Not you Tom. Your the last one I would accuse of embracing it. 

Brew, you are correct, the Dorado didn't get beat up that bad on this forum. Several of us were following it on another forum.  I still plan to visit Dorado to see the boat for myself as soon as I can get some free time. 

For the record, I have my skiff and happy to have an original HB. IMHO the boat will need sponsons to carry the new four strokes and if HB II had addressed this, they may have a better case should they try to prove these are copies. Again, this is only my opinion. I'm not worried about my sponsonless HB since I have enough 2 stroke power for life. 

Just my .000000000002 sense


----------



## costefishnt (Dec 11, 2006)

*Re: And another one...*

:disappointment:

I think I will take these pictures where i can start some real crapola


----------



## Guest (Oct 10, 2007)

*Re: And another one...*



> :disappointment:
> 
> I think I will take these pictures where i can start some real crapola


Ta hell you are. At least not without predicting the number of pages.


----------



## tom_in_orl (Dec 9, 2006)

*Re: And another one...*

I spoke with Capt. Dave Sutton. He was very personable and it was a good conversation. Dave has 30 years of wooden boat building experience along with being a professional guide in south Florida. His home waters are the Biscayne Bay and the Everglades National Park. You may also know him since he is the "South Regional Expert" for the Chevy Florida Fishing Reports on TV.

The Terrapin - Dragon Fly is similar in design to a HB GS. Dave always liked that boat and wanted to purchase on in the early days of HB but it was just out of reach due to price. He has had many opportunities to ride on a GS and it was the inspiration for this boat. His boat is 18'4" LOA. It has 8" sponsons. Beam is 51" at the water line and 58" at the widest point at the top of the gunnel. That makes it 2" wider than the GS according to Capt. Dave. They went through 3 generations of the design to get to the boat pictured which is production hull #1.

Capt. Dave was very helpful. Here is more information about the boat:

- Original design with styling cues from the HB GS. Some of the differences are flare in the bow, chine, beam, LOA, sponsons, hatches.

- The boat is in the process of being Coast Guard rated.

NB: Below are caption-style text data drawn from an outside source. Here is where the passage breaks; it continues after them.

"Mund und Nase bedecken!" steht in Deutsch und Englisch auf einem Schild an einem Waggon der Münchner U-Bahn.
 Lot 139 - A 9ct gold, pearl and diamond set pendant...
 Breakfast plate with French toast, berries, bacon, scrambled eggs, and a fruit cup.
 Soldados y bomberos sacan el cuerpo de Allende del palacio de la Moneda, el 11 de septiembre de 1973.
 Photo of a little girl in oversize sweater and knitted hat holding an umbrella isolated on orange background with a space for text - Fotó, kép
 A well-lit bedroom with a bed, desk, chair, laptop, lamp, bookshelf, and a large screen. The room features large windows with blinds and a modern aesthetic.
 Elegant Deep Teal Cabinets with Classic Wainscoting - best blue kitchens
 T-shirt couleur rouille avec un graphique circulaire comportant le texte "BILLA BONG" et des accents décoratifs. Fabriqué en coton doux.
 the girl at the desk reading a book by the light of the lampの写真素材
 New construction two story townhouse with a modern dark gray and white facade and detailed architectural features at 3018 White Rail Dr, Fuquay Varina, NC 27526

They expect to get a 30 HP rating.

- Boat is currently available in a tiller configuration. Side console will be an option. Jury is still out on center console.

- Production of the boat is contracted out to a reputable south Florida boat builder.

- Boat is hand layup

- Foam Core

- No false floor

- Liner integrated with foam core process

- No coffin box. Using high end cooler and reinforced tie downs.

- 7’ deck

- 7’5”" cockpit

- Package is slated to include Honda BF20 and Custom Performance Trailer.

- Hull only will be available too

- Website coming soon


----------



## JRH (Mar 18, 2007)

Thanks for the info, Tom. Did he mention who is the reputable south Florida boat builder?


----------



## tom_in_orl (Dec 9, 2006)

Yes but I didn't know if that was insider knowledge so I choose not to repeat it.


----------



## julie (Nov 26, 2007)

Go to www.terrapinskiffs.com to see what you get for $16,995.00. All info is there with pricing for extra's.


----------



## julie (Nov 26, 2007)

Remember guys this is America. Our loved ones are fighting and dying for our freedoms at this moment. Such as the freedom to fish, and enjoy the water, or build a new boat, if you so choose. There are lots of microskiffs out there. And there is an ass for every seat...so to speak. It does not make someone "wrong" because he prefere a certain boat, or chooses to build a new one. The beauty is , everyone likes something different. And there are lots of choices. And they are all wonderful skiffs! 
The Dragonfly is something new, and it is not the same as the HB. Now that www.terrapinskiffs.com  is up you can compare, and see specs for yourself. All dimensions,weights, and the design are different. The production process is totally and completely different. They are trying to offer it at a fair and affordable  price, and if it were the same it would have to be more expensive,right? Think about it! How could it be the same at this price. I know someone is mad, or I wouldn't be getting threatening calls. 

( Nice dude, hope you are proud of yourself.  :-X You showed a lot of class.)


----------



## Guest (Nov 27, 2007)

DragonFly™ Specifications

• LOA 18’5”


• Waterline Beam 50”


• Overall Beam 59.5”


• Freeboard 14”


• Bow Rise 20”


• FWD Casting Deck Dimensions 89”


• Cockpit Dimensions 89.5” FWD to AFT


• Overall Finished boat weight 605 lbs. Ready to fish. Weighed w/full
fuel tank, Yamaha 25 Two Stroke, Poling Platform and Hatches. This is
the REAL weight of the boat.


• Fuel Capacity 7 US Gallons


• Draft is an honest 3 ½” with two average 190 lb. Humans and full
gear for a day of fishing.


• Construction Materials are High Quality Polyester Resins and Air-
Cell Polyester Foam Coring.


• A one-piece liner that includes FWD and AFT hatch interiors and
the cockpit. Liner is then fully Core-Bonded to hull making a one-piece
hull/liner combination for superior strength.



Specs look honest to me.  605 lbs reflects the weight of a boat with a liner and two hatches.


----------



## beavis (Dec 11, 2006)

> DragonFly™  Specifications
> 
> •  Overall Finished boat weight 605 lbs. Ready to fish. Weighed w/full
> fuel tank, Yamaha 25 Two Stroke, Poling Platform and Hatches. This is
> ...



I thought I saw on the other posts or maybe the website that 605 includes the boat , engine, gas and an angler

Hell, when i go out in my gladesmen by myself for a local fishing trip, the whole rig weighs between 700-725 lbs.


----------



## costefishnt (Dec 11, 2006)

i carry 605lbs of beer and ice on every outing!


----------



## Guest (Nov 27, 2007)

> i carry 605lbs of beer and ice on every outing!


Which explains the wet, horrible ride. ;D ;D ;D


----------